Una pregunta que se hace cualquiera en la vida, cada vez con mayor anticipación.


Parece ser que aquí, en Internet, el 80% de participantes y lectores es joven o de mediana edad...
De manera que aunque no tiene que ser necesariamente así, no conviene descartar que la discrepancia entre lo dicho y escrito por un sexagenario y lo leído por la mayoría de internautas alcance una proporción similar. No importa, que cada cual atienda a su juego. Y el nuestro, el de los sexagenarios medianamente inteligentes, consiste en que la actitud frente al mundo exterior suele oscilar entre dos extremos: o nos felicitamos por "casi" todo el progreso material y todo el moral (el que hay en cada iniciativa igualitarista), o se está de acuerdo con el material pero no con el moral y por eso se trata de bloquear todo cambio hondo en la tradición. (Esta segunda actitud responde a un simple instinto de conservación... psicológica. Vivir más y mejor a partir de cierta edad empieza por una adaptación al medio. Y la adaptación es en la práctica muy dolorosa cuando las transformaciones sociales, por justas que sean objetivamente y muchas veces sean la única manera de introducirlas, se implantan con brusquedad o lo parece).

Por otro lado, no se compadece bien festejar la tasa progresiva de esperanza de vida física, cuando merma mucho la calidad moral de vida en una sociedad que tiende a marginar y a arrumbar al anciano. Y anciano es “ya”, todo aquel que ha pasado al "retiro"; retiro que cada vez tiene lugar más prematuramente...

Desde luego, desde la aspiración a la inmortalidad que acompaña al ser humano en cuanto aprendió a pensar, ha llovido mucho...

Pero hoy día hay suficientes razones para comprender mal esa obsesión por prorrogarse la vida, principalmente en la sociedad occidental. Prórroga a la que contribuye decisivamente con toda clase de ardides la ciencia médica.

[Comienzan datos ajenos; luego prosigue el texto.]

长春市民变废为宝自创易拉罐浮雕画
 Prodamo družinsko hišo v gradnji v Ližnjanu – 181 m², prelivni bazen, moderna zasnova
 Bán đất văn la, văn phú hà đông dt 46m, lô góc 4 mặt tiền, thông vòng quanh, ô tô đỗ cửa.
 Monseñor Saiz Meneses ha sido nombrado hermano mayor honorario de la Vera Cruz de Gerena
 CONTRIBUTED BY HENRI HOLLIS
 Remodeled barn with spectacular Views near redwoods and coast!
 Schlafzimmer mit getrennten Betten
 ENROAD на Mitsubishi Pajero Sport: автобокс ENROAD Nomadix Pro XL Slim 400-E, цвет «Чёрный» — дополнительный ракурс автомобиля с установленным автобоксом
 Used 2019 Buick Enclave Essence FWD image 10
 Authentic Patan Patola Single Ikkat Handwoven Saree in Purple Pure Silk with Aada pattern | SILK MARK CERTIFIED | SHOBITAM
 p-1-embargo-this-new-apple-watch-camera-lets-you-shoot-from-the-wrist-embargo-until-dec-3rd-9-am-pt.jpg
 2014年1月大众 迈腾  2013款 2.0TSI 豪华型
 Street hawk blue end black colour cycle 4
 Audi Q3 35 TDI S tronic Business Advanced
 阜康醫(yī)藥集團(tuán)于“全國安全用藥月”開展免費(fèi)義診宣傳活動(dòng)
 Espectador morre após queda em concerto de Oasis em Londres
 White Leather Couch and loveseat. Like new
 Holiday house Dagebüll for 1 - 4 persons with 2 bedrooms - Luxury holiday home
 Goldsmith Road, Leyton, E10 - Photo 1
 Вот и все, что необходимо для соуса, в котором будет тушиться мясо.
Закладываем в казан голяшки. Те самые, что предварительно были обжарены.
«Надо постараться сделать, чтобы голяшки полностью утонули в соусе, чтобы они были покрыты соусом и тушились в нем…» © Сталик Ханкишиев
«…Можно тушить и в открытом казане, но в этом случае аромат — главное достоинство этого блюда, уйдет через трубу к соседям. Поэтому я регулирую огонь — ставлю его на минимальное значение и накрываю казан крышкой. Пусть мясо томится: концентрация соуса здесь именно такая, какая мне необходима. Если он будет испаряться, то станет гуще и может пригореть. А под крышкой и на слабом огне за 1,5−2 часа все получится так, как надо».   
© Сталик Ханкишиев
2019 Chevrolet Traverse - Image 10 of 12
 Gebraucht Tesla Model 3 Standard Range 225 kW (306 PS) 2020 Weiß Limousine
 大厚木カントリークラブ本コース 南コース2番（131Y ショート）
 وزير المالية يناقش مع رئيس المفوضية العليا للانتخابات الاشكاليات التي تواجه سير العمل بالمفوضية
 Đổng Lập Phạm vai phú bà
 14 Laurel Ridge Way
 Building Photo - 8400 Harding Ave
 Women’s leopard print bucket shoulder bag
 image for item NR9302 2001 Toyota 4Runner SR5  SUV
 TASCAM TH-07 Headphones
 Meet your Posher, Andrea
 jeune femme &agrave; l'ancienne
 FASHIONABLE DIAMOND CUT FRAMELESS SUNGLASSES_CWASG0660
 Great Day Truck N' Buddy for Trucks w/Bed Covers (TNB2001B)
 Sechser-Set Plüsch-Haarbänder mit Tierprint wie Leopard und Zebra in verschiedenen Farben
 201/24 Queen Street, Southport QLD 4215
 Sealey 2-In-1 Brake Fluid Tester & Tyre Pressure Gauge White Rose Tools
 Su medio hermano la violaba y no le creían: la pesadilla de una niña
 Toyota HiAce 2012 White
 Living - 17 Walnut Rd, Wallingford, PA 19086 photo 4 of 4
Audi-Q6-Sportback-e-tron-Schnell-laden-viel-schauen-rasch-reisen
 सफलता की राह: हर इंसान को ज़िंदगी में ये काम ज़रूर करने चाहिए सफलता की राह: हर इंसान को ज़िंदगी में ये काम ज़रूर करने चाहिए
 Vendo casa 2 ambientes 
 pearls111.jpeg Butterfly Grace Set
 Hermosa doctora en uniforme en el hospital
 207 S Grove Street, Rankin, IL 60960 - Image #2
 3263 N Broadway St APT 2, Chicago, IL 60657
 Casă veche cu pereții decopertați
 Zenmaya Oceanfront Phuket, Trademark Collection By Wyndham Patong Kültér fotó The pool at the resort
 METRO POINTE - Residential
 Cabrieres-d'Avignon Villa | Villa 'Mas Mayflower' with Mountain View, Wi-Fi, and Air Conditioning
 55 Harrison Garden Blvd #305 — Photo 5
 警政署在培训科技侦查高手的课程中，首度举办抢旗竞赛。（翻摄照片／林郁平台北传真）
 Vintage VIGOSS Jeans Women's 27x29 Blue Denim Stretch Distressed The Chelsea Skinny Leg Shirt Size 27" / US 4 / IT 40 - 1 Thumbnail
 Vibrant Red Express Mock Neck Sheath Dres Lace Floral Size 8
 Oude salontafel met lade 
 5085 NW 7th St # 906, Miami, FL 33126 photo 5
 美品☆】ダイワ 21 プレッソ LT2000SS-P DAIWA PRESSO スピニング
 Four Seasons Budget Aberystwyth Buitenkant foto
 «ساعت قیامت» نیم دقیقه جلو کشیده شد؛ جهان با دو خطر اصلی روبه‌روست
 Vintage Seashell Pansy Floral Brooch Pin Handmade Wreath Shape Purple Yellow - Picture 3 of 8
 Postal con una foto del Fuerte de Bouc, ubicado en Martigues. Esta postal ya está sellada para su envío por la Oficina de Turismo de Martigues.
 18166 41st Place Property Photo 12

Y digo que se comprende mal porque cuando el anciano contaba en el concierto humano y era quien señalaba el camino a seguir al joven, tratar de alargarse la vida, vivir mucho, era un “deber”; el mayor se sentía relativamente “necesario”. Pero cuando apenas se distingue la ancianidad de la caducidad y al anciano de lo “viejo”; cuando la vejez anímica se adelanta a la física por una serie de concausas dignas de ser tratadas por separado; cuando en una sociedad que todo lo mide desde la productividad al retirado se le asigna sólo un miserable papel improductivo y marginal... la prolongación de la vida, a pesar del empeño soberbio de la técnica médica, se vacía de contenido y de sentido.

Aunque es notorio que el ser humano a medida que más vive más se aferra a la vida, empiezan a verse claros síntomas de que la paulatina pérdida de relevancia del provecto en la sociedad, por un lado, y la degradación irreversible de la Naturaleza en la que aquél suele buscar refugio, está debilitando intensa y progresivamente la pulsión freudiana de vida a favor de la pulsión de muerte.

Empiezo a pensar que en estos tiempos en que la sociedad valora tan poco la vejez o la desprecia, cuando los dioses nos quieren castigar acceden a nuestras súplicas y nos dan longevidad para sufrirla. Para sufrirla, porque la muerte moral a menudo llega bastante antes que la física.

En resumidas cuentas, si las conquistas de la medcina y de la gerontología no van acompañadas de una expansión de la afectividad sincera y del interés en escuchar al anciano, a medida que cada cual vaya envejeciendo comprobará qué superflua resulta socialmente la vejez y qué nulo interés tiene comprar la longevidad que con tanto empeño nos venden...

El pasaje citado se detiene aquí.